And it was a real lesson for me because I was just like. It’s not that I don’t think it’s ever worth doing the best version of things. You and I both were the same way in that we really value when people do things at an exceptional level. You and I think very similarly in that way. But I’m always careful these days not to confuse that with knowing that I can also have an amazing time doing a different version of it.
And it’s one of the things I love about my partner, Audrey, is that, I can say, let’s go do this thing. And she’ll be like. “Yeah, but there’s so much we could. Why don’t we just go and do this? It’ll be so much fun. And it’s like she almost presents me with an option. Just not that I need it anymore, but in case there’s some part of me that thinks that I need to do this over-the-top thing, she’s like, “No, no, no. But we can have all of that by doing this thing.”
Ramit Sethi: [01:37:00] Yeah, connecting with the purpose. And if you want to do it in this level, great. But–
Matthew Hussey: [01:37:06] We can still achieve all of these things without that. And I may still and there are plenty of occasions where I still to her rolling of the eyes go, “No, we’re going to do this.”
Ramit Sethi: [01:37:16] I want the best one.
Matthew Hussey: [01:37:18] I’m like, “We’re going to do this crazy thing.” And she rolls her eyes and she’s like, “Okay, fine.”
Ramit Sethi: [01:37:23] But that’s also a beauty in and of itself, right? Because that is what you are looking for.
Matthew Hussey: [01:37:28] Yes. And what she doesn’t do is go, “Well, I think that’s a really bad use of– She doesn’t then fight me on that because she’s like, “Oh, I get it.

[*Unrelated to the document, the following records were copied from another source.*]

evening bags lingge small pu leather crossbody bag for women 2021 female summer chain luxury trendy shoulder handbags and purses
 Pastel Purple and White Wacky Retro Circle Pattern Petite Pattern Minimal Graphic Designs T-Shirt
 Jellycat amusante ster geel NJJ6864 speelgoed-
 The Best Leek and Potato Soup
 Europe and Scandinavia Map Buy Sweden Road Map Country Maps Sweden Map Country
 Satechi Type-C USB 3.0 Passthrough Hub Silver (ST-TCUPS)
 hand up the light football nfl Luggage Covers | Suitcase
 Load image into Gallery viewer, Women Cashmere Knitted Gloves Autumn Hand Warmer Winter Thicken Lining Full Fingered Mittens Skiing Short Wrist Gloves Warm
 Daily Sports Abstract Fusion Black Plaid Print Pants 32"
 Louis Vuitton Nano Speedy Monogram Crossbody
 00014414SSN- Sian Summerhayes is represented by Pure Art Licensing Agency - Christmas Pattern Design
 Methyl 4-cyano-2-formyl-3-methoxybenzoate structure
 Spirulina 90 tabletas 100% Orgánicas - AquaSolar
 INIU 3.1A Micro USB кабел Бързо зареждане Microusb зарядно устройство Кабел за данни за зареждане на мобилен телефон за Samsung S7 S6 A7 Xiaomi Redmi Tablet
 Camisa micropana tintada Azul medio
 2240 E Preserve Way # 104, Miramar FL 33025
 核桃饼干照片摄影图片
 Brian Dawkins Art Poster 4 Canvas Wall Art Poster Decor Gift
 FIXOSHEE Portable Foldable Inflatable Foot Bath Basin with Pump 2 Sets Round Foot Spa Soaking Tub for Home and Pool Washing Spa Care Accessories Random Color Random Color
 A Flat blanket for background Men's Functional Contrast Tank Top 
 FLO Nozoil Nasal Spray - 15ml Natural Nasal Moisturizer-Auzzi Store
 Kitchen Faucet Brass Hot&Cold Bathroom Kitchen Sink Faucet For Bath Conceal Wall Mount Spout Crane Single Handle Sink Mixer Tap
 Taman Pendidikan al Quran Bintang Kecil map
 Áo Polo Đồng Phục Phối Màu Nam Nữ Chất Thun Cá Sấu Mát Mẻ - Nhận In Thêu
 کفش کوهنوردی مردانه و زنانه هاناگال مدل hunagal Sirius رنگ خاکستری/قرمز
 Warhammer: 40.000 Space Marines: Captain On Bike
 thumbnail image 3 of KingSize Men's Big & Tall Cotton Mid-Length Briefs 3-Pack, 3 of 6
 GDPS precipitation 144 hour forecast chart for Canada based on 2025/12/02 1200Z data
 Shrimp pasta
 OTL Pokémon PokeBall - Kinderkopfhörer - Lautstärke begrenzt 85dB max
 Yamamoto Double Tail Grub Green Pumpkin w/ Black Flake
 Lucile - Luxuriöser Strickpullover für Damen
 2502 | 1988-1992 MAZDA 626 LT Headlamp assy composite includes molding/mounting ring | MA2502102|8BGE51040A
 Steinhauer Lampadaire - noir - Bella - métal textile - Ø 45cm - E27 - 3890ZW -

In this moment for the right reasons, he values doing this thing.”
Ramit Sethi: [01:37:40] To be able to have conversations like that, especially over the course of a lifetime, with questions like what car should we buy, where should we live, what housing? Private school or public school for children? Pay for their college travel. There’s so many big questions. You have to be pretty savvy. You can wing it. You can talk about how you feel, and that’s okay.
But from my perspective, talking about a rich life, you also have to be pretty skilled with your numbers because these are big questions. You can’t just buy a house on feelings. It’s got to be, “Hey, do we know our ratios? Do we have our conscious spending plan?” And so to be able to master all of these things, it’s almost like a chef. It’s not enough to know how to cut a vegetable.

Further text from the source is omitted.